Down the coast of booming West Florida, the...


October 15, 1990

WHEN YOU DRIVE down the coast of booming West Florida, the last stop is posh Naples. Turn off the interstate at Exit 17 (Naples Park) onto Immakolee Road and there's not a baseball in sight. But there will be in a couple of years.

Welcome to the soon-to-be spring-training home of the Baltimore Orioles. When Naples voters overwhelmingly approved a 3 percent room tax last month, it paved the way for the flight of the Os from Miami directly across the state.

A third of that new tax (which will be paid by tourists and winter visitors, not permanent residents) will finance a spanking new baseball park and practice complex, with a few eateries and hostelries thrown in.

The players and fanatic Orioles fans will love the new locale. In winter, Naples has near-perfect climate. Great restaurants. Shops for the super-rich. Accommodations from the five-star Ritz-Carlton on the gulf to the Econo Lodge inland. Estates of the seven-figure variety in Port Royal and cheaper homes that offer incredible value by Maryland standards (why not when you don't need cold-weather insulation, second floors or basements?).

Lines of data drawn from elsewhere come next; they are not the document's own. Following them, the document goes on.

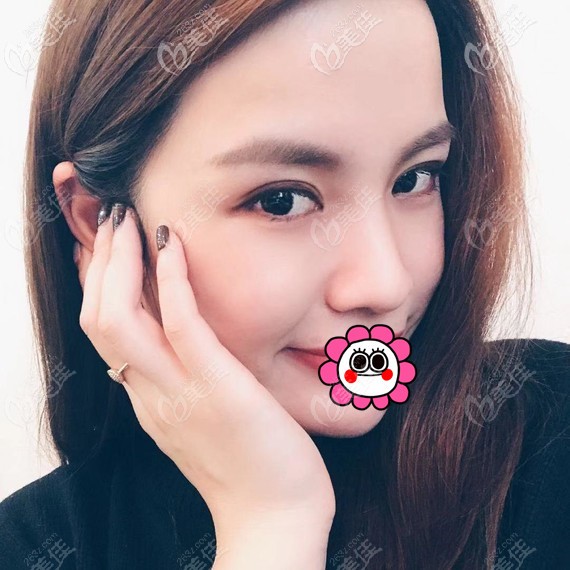 嘉興禾美趙學(xué)燕做眼睛怎么樣得從他做的7mm全切雙眼皮恢復(fù)三個(gè)月案例來看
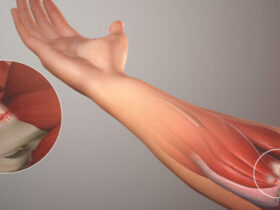 Golfer's Elbow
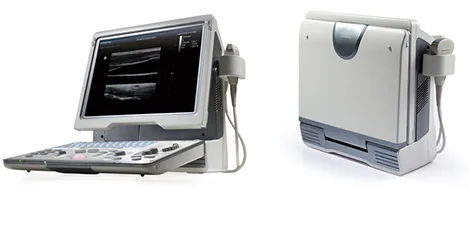 УЗИ аппарат Mindray DP-50 — эргономика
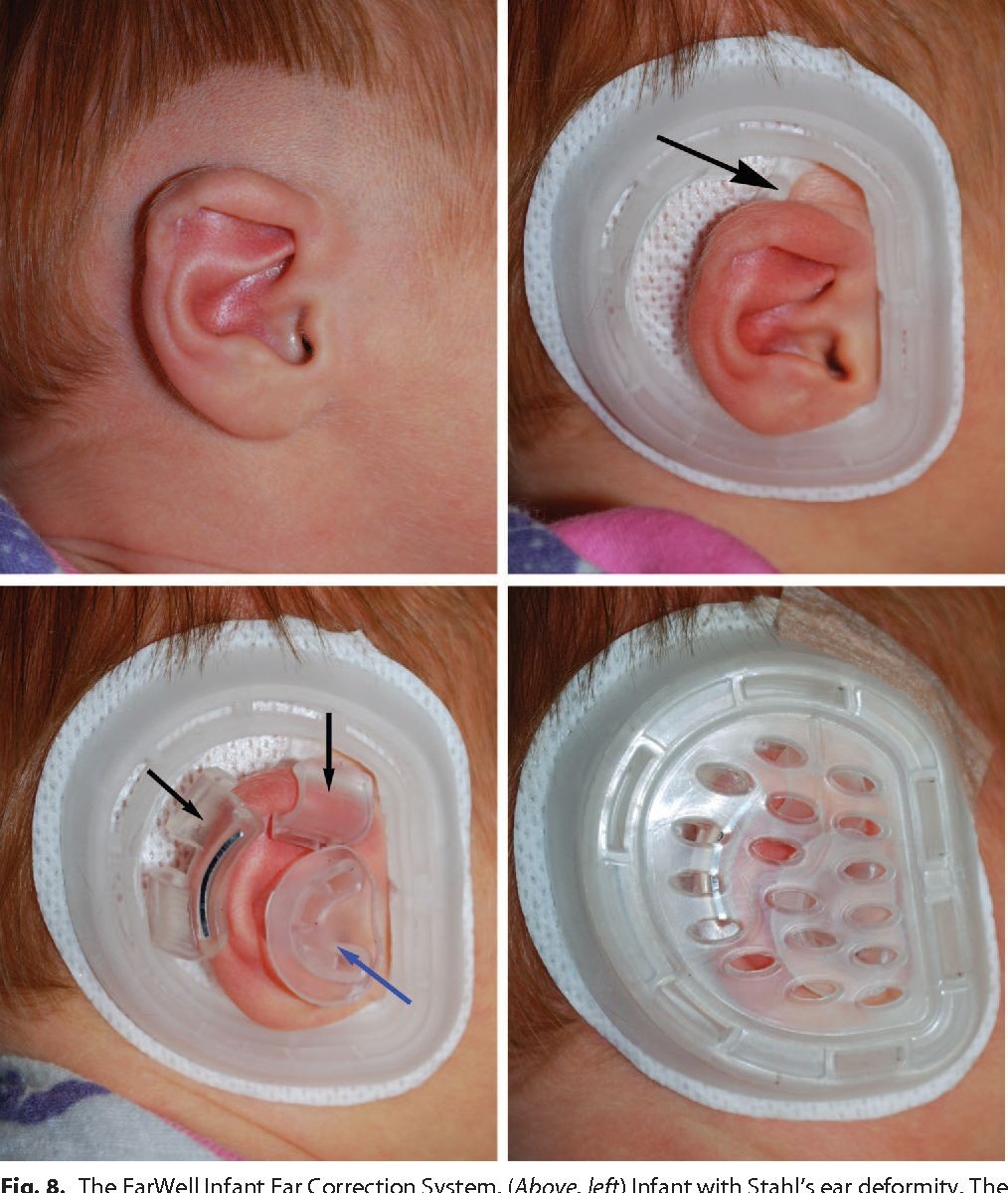 Ear Tubes Surgery Medical Term Procedure in Kids Adults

Then there's the greyhound race track ten minutes away in Bonita Springs when the team has a night off, and an outdoorsman's delight in Everglades City to the south (is Ben McDonald listening?). And then there's the biggest draw of all -- the warm waters of the Gulf of Mexico, with miles and miles of beautiful beaches.

Naples seems to have it all. We just hope the Orioles will agree to leave when it's time to return to Baltimore.

*IN PUNISHMENT for troubled Kosovo province's attempt to secede, the parliament of Yugoslavia's biggest republic, Serbia, adopted a new constitution further reducing Kosovo's autonomy. Something like 1.7 million ethnic Albanians live in Kosovo versus 200,000 Serbs and Montenegrins and the move risks a backlash by ethnic Albanians, but the Serbs consider it the cradle of their culture.

Curiously, the constitution pledges loyalty to the federal Yugoslav state but contains a provision that Serbia can "turn its back" on the federation if the republic was threatened, according to the Yugoslavian news agency Tanjug. The clause would appear to allow Serbia to secede from the rest of Yugoslavia. Hmmm -- the Serbs say the Albanians of their province can't secede, but think it's all right for Serbia to secede from Yugoslavia. Nothing like logic to liven up a political discussion.

*SIGN OUTSIDE a Taco Bell restaurant in Southwest Baltimore:

"Tart Working Now.

"Apply Inside."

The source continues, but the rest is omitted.